The station said the 45-year-old investigative reporter, who has worked there since 1989, remained employed, and family members and some of the people he mentored as youths rushed to Hill’s defense.
“He’s one of the most influential persons in my life,” Demetrius Al-Lateef, of Columbus, told WCPO-TV , Hill’s station, “if not the most influential person in my life.”
“Ain’t no way possible would I even fathom or think about Steve doing something like this,” said Al-Lateef. “That’s not the man I know. That’s not the man I’ve known for 8 years.”
“Gene Watt, Hill’s brother-in-law, said the family believes the allegations are false and possibly fabricated by inner-city boys Hill mentored,” the Cincinnati Enquirer reported.
“Watt called his brother-in-law a crusading journalist, who grew up in inner city Newark, N.J. and felt called to help other high-risk urban youths.
“‘He’s really into helping black kids not get lost in life, not end up in jail,’ Watt said. ‘He’s given his time, money and energy to kids going through tough times.'”

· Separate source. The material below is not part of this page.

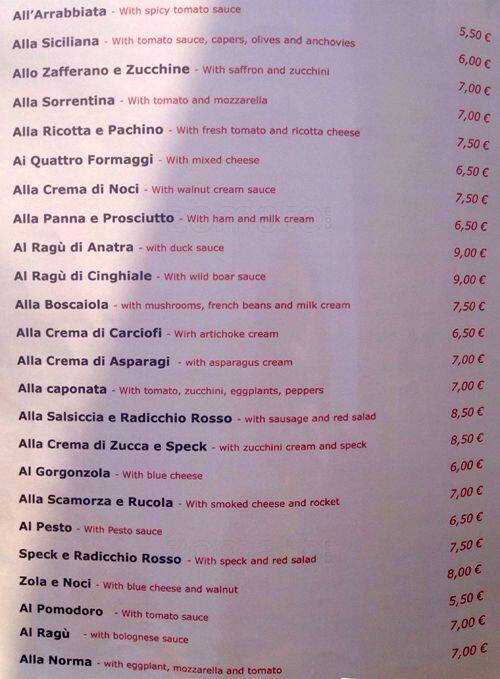 Menu di Luna Rossa 
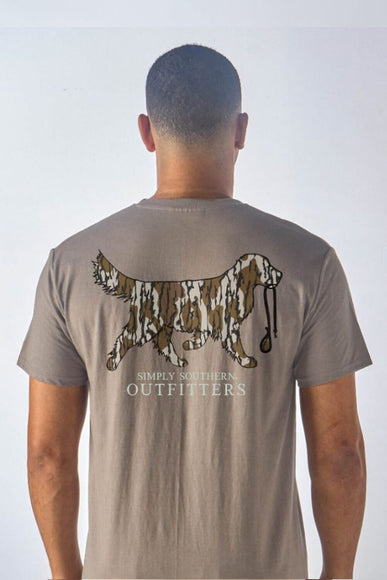 Men's Simply Southern Camo Dog T-Shirt for Men in Brown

Hill was charged with eight counts of unlawful sexual conduct with a minor between March 2001 and January 2004, according to court documents filed Saturday, the Enquirer said.

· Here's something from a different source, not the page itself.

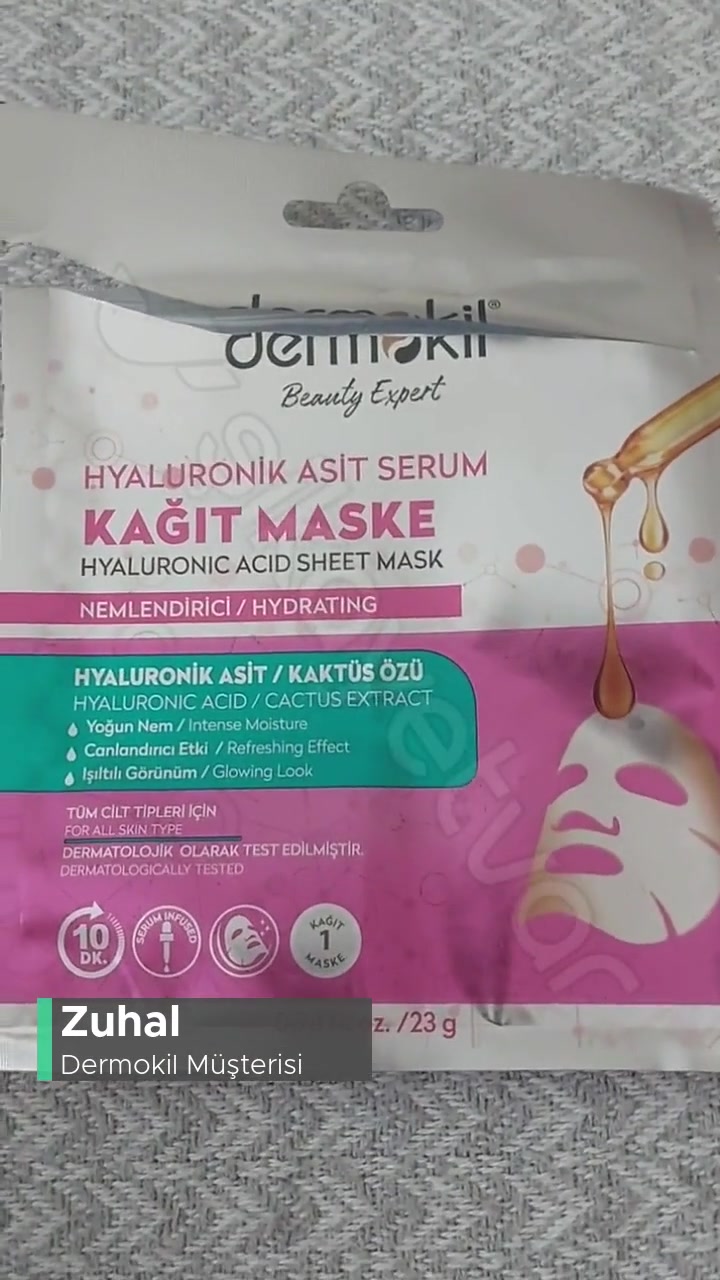 Kağıt Maske Dermokil Hyaluronik Asit Serum! videonun kapak resmi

The station bio said Hill worked on the station’s “I-Team” from 1989 until January.
Hill has also been a reporter at WMAR-TV in Baltimore and WSMV-TV in Nashville. He is a native of Newark and a graduate of the University of Missouri School of Journalism, the bio says.

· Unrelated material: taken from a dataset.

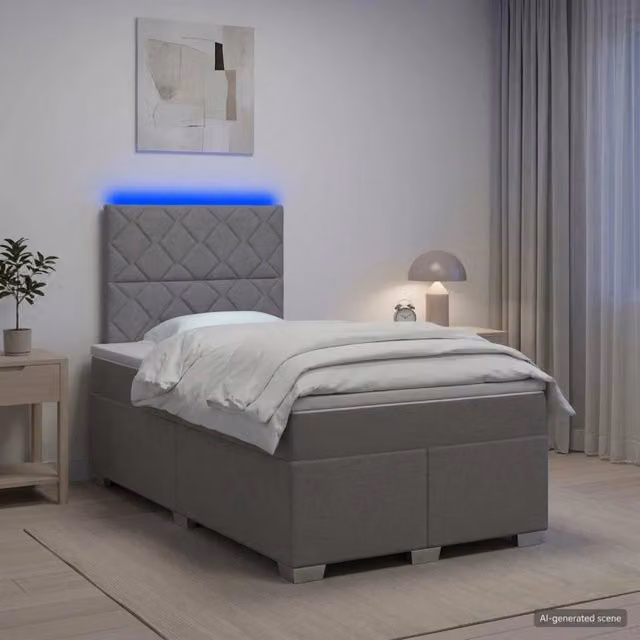 Letto box spring vidaXL con materasso a molle insacchettate e base contenitore, colore grigio, L/P/H: 120 x 200 x 140,5 cm – 1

Reporter John McQuiston attended the police news conference, the station reported.
“These are serious charges and you’re never prepared to hear details of accusations like these and then you hear that the person charged is someone you know and respect and whose desk sits three feet away from yours in the newsroom, like Stephen Hill’s does mine,” said McQuiston during Friday’s 11 p.m. newscast.
Reporter Recounts “My Harrowing Escape in Haiti”
“Another day of burning barricades did not cause much alarm yesterday morning when I set out to detail Haiti’s torment, but by midday, I was part of the story, surrounded by angry men with guns and jagged rocks the size of basketballs,” Haitian-American reporter Leslie Casimir writes today in the New York Daily News.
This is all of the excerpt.